Programming or lack of programming constitutes one bit of stored information in fuses or antifuses. The difference between fuses and antifuses is the way the resistance of the memory element is changed during the programming process. Semiconductor fuses have a low initial resistance state that may be changed to a higher resistance state through programming, i.e., through electrical bias conditions applied to the fuse. In contrast, semiconductor antifuses have a high initial resistance state that may be changed to a low resistance state through programming.
Continuous advances in the semiconductor technology oftentimes require changes in the material employed in semiconductor structures. Of particular relevance is the advent of a metal gate electrode, which, in addition to the gate dielectric, a polysilicon layer, and a metal silicide layer, contains a metal gate layer in a gate stack. Typically, the metal gate layer is employed in conjunction with a high-k gate dielectric material. This is because high gate leakage current of nitrided silicon dioxide and depletion effect of polysilicon gate electrodes limits the performance of conventional silicon oxide based gate electrodes. High performance devices for an equivalent oxide thickness (EOT) less than 1 nm require a high-k gate dielectric material and a metal gate electrode to limit the gate leakage current and provide high on-currents.

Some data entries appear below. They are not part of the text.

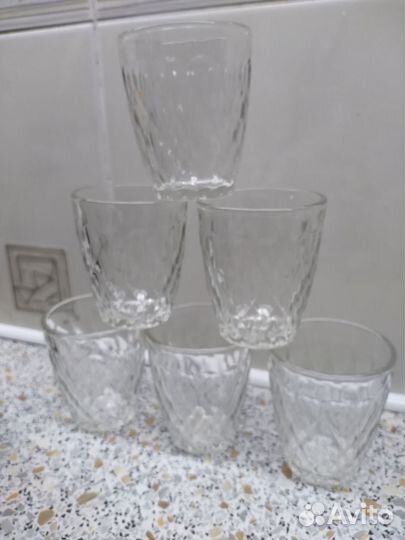 Стаканчики 100мл.,стекло. СССР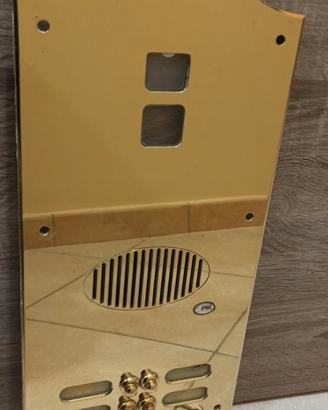 Placca per pulsantiera 4 tasti ottone urmet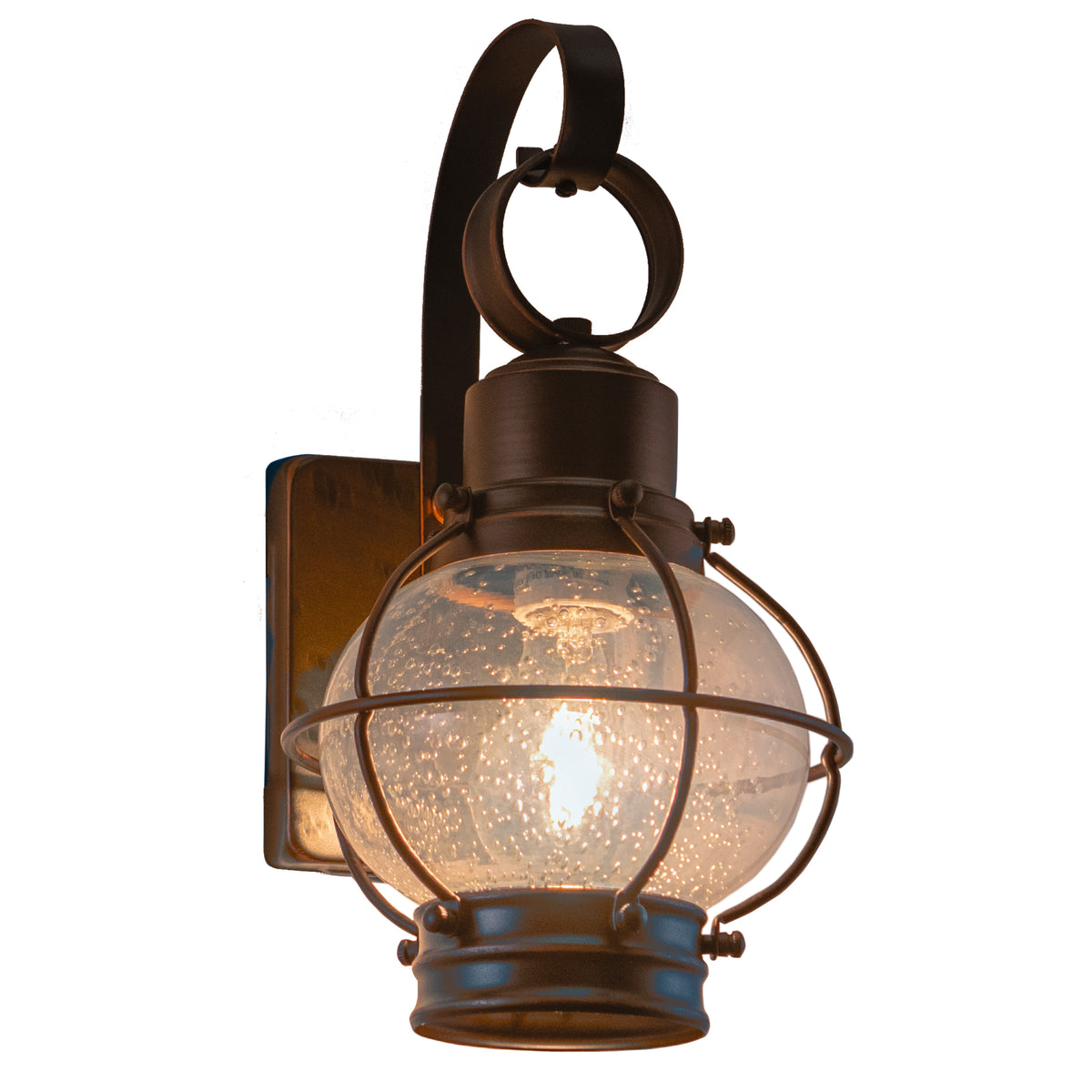 Ellis 6.5-Inch Outdoor Wall Light - Burnished Bronze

The high-k gate dielectric materials refer to dielectric metal oxides or dielectric metal silicates having a dielectric constant that is greater than the dielectric constant of silicon oxide of 3.9 and capable of withstanding relatively high temperatures, e.g., above 600° C., and preferably above 800° C. The metal gate layer may comprise a metal, a metal alloy, or a metal nitride, and typically has an even higher conductivity than the metal silicide.
In view of the above, there exists a need for an electrical antifuse structure compatible with fabrication of other semiconductor devices employing metal gate electrodes and methods of manufacturing the same.